**Task details**
The answer must be an exact copy of the lines from the top of the listing below through the line with "リネン白シャツ×パンツコーデの画像_1", with no pictures.
※
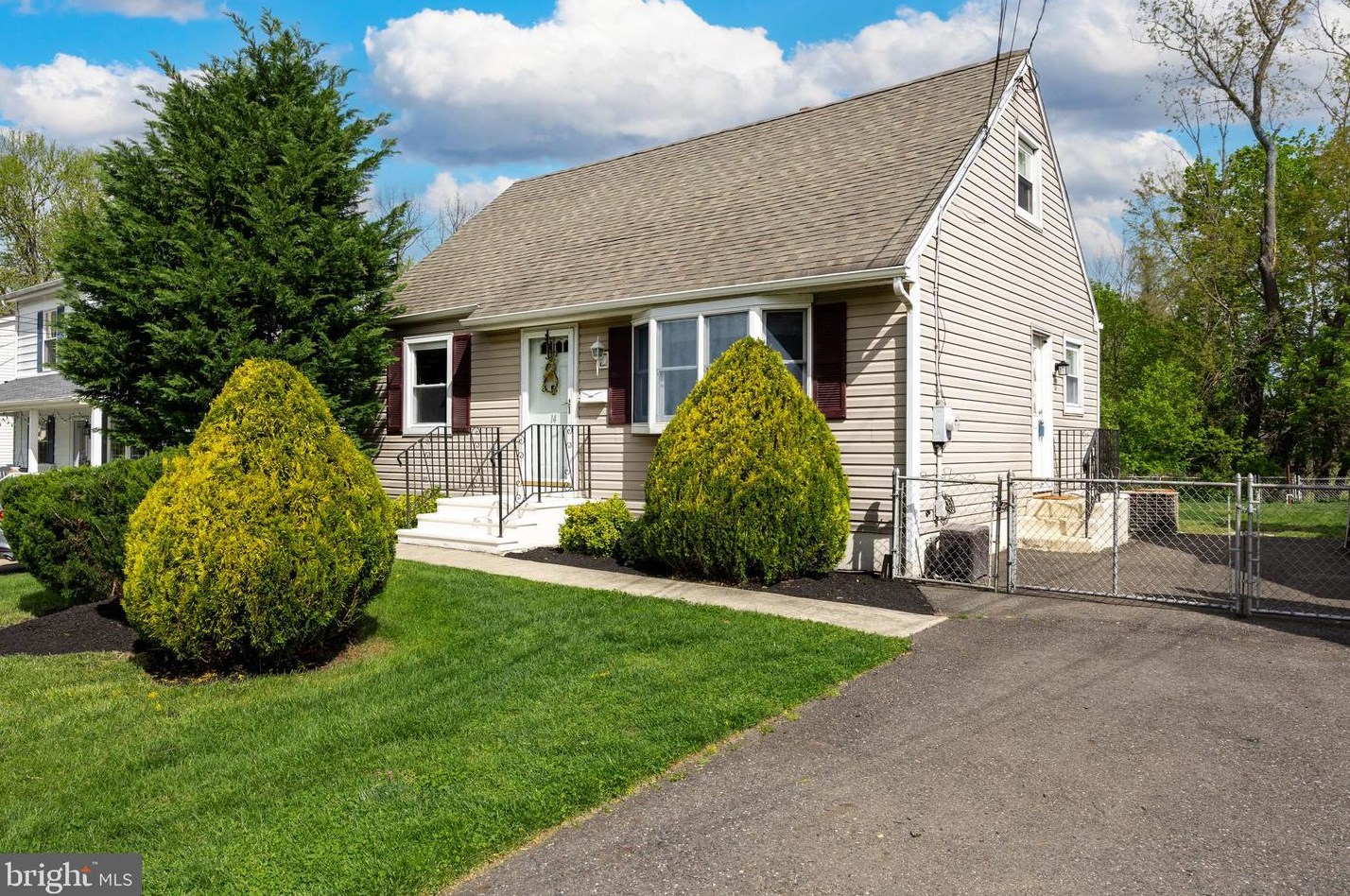 14 Longwood Dr, Trenton, NJ 08620-2415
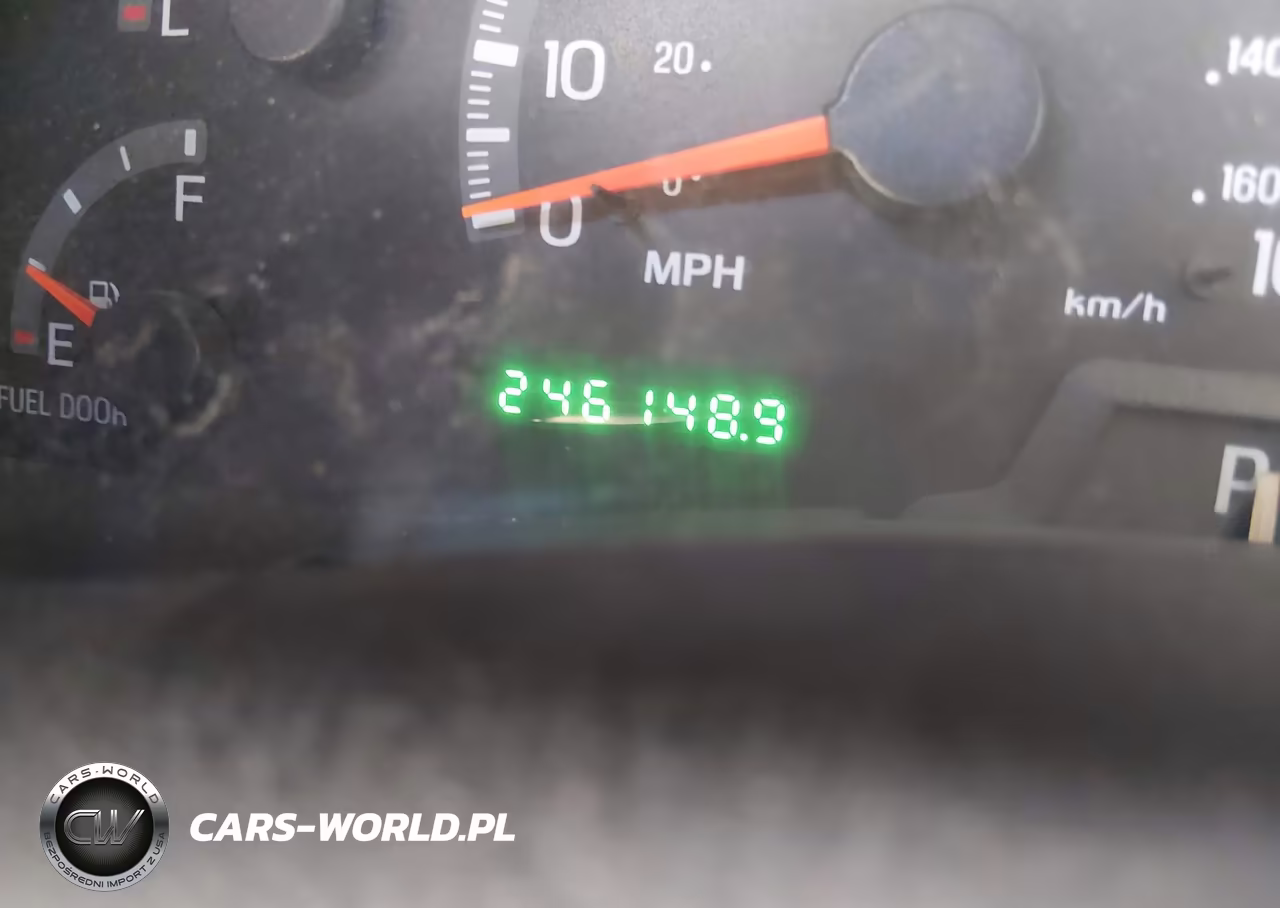 2000 Ford Expedition Xlt VIN:1FMRU15L2YLB77871 - 15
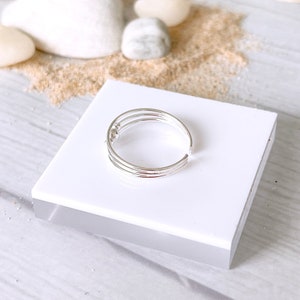 Sterling Silver 925 triple band adjustable toe ring, Unisex silver bead midi ring, knuckle ring, minimalist wide ring, dainty open ring 画像 6
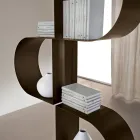 Fatima verticale boekenkast van geverfd metaal met verstelbare poten Viadurini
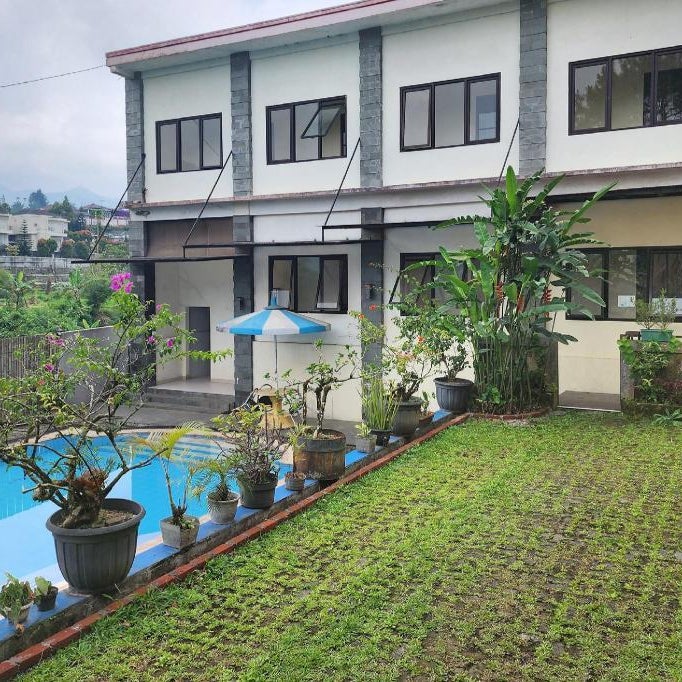 Urbanview Hotel Syariah Villa SM Cisarua Puncak by RedDoorz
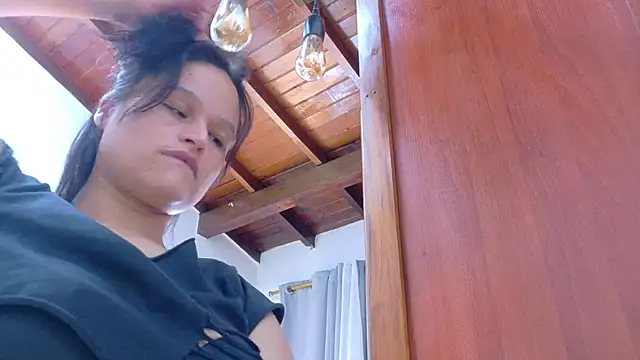 Jennifer Vega1 online show from 04/03/26, 09:02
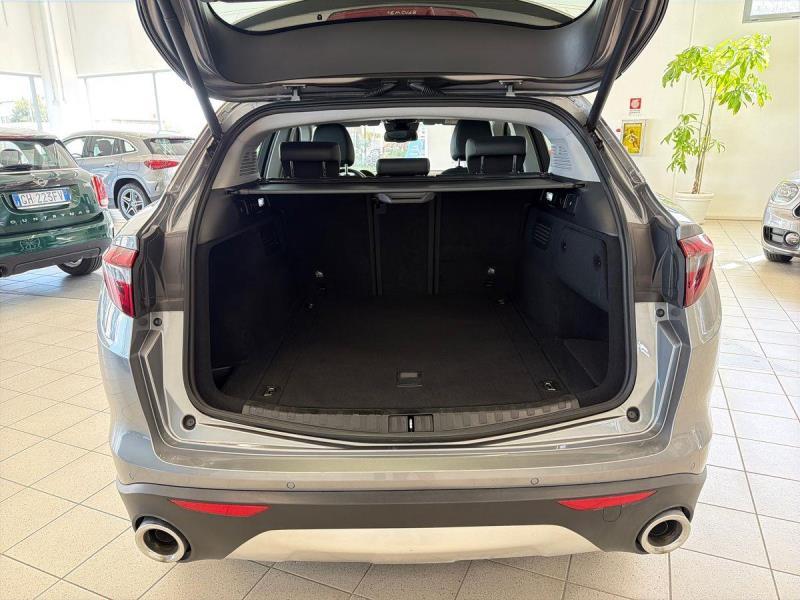 Alfa Romeo Stelvio 2.2 t Executive Q4 210cv auto my19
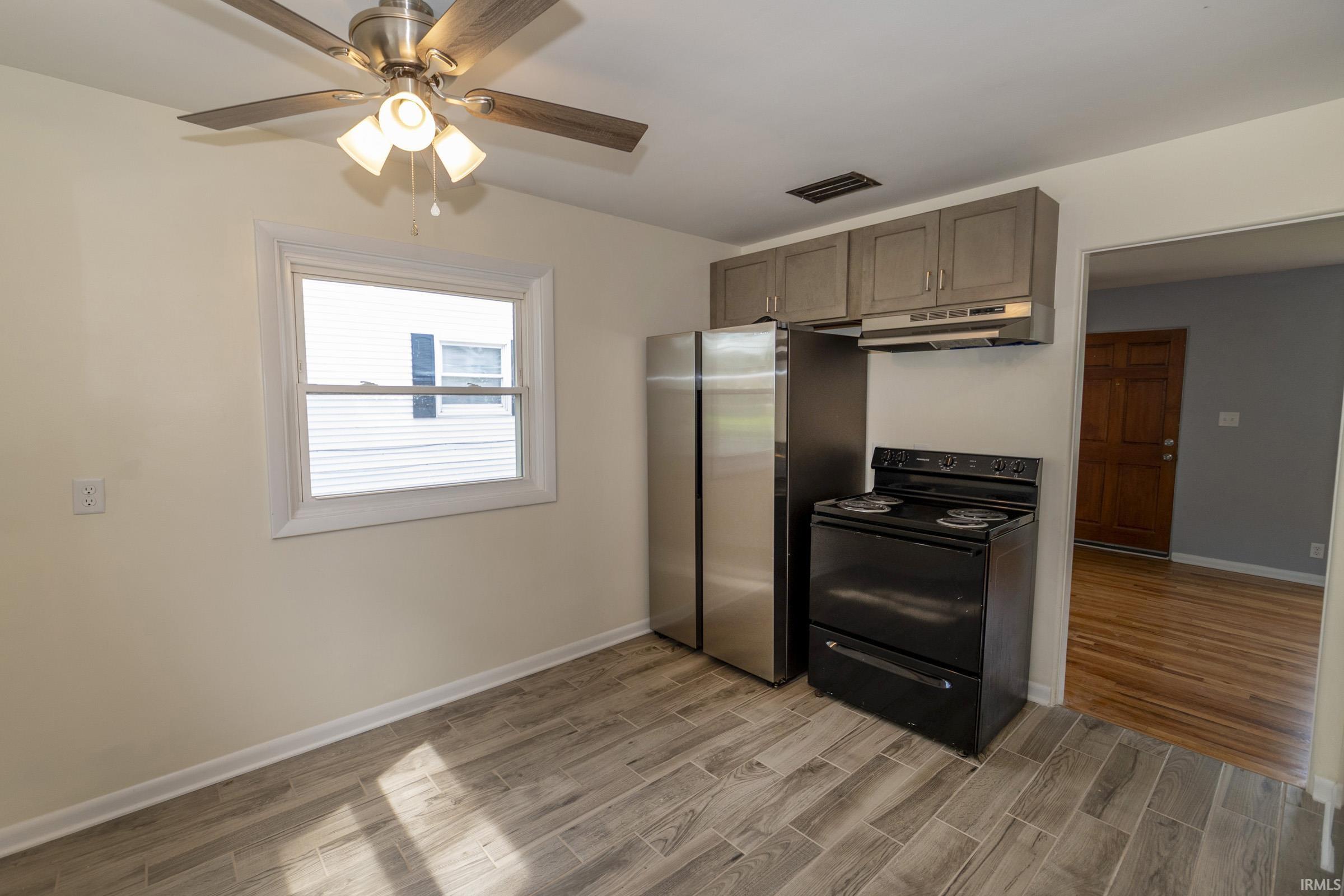 2214 Rockne Drive South Bend IN 46615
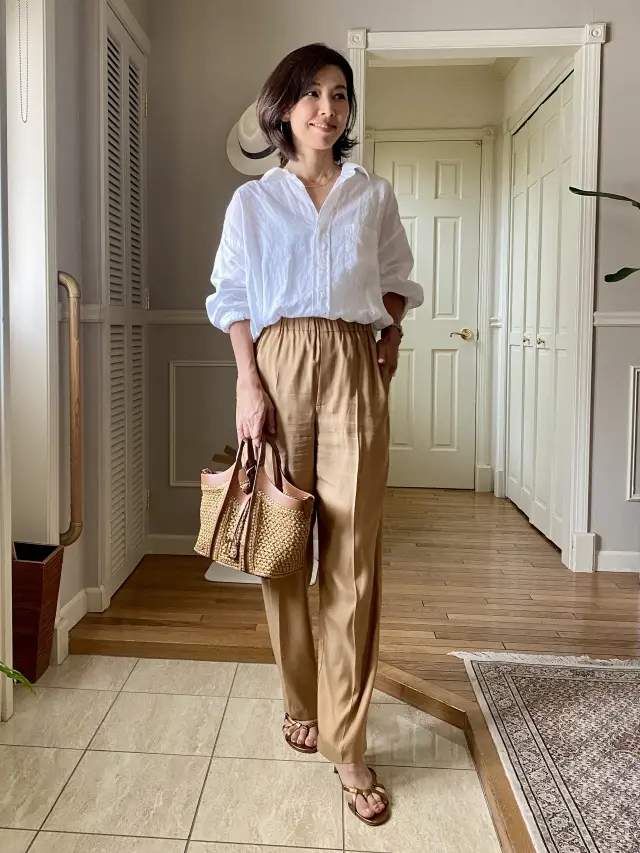 リネン白シャツ×パンツコーデの画像_1
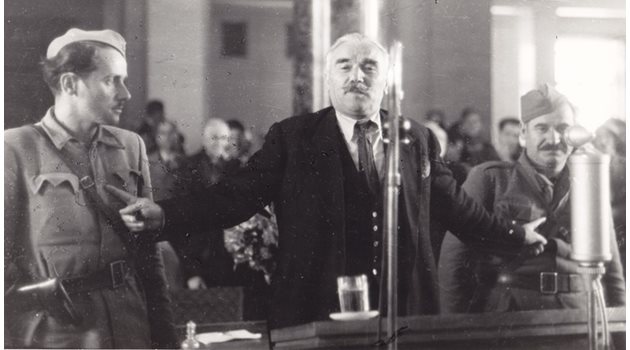 Добри Терпешев държи реч в Съдебната палата на 17.09.1944 г. СНИМКА: ФОТО-АРХИВ ТОДОР СЛАВЧЕВ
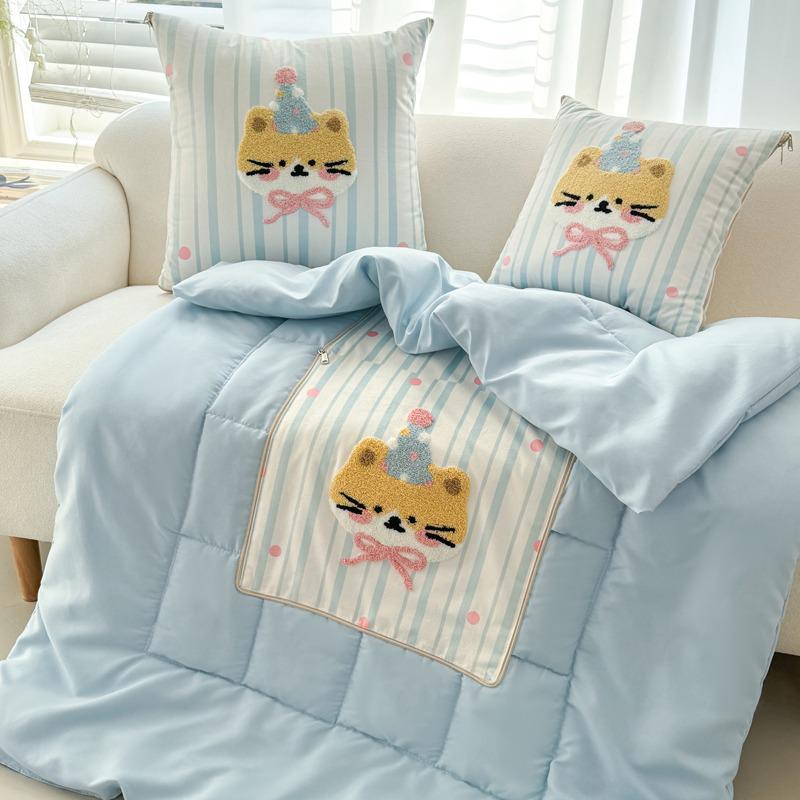 2025 Foldable Car Interior Cushion & Blanket: Converts Between Backrest Pillow and Air Conditioning Quilt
※
**Solution for this exercise**
 14 Longwood Dr, Trenton, NJ 08620-2415
 2000 Ford Expedition Xlt VIN:1FMRU15L2YLB77871 - 15
 Sterling Silver 925 triple band adjustable toe ring, Unisex silver bead midi ring, knuckle ring, minimalist wide ring, dainty open ring 画像 6
 Fatima verticale boekenkast van geverfd metaal met verstelbare poten Viadurini
 Urbanview Hotel Syariah Villa SM Cisarua Puncak by RedDoorz
 Jennifer Vega1 online show from 04/03/26, 09:02
 Alfa Romeo Stelvio 2.2 t Executive Q4 210cv auto my19
 2214 Rockne Drive South Bend IN 46615
 リネン白シャツ×パンツコーデの画像_1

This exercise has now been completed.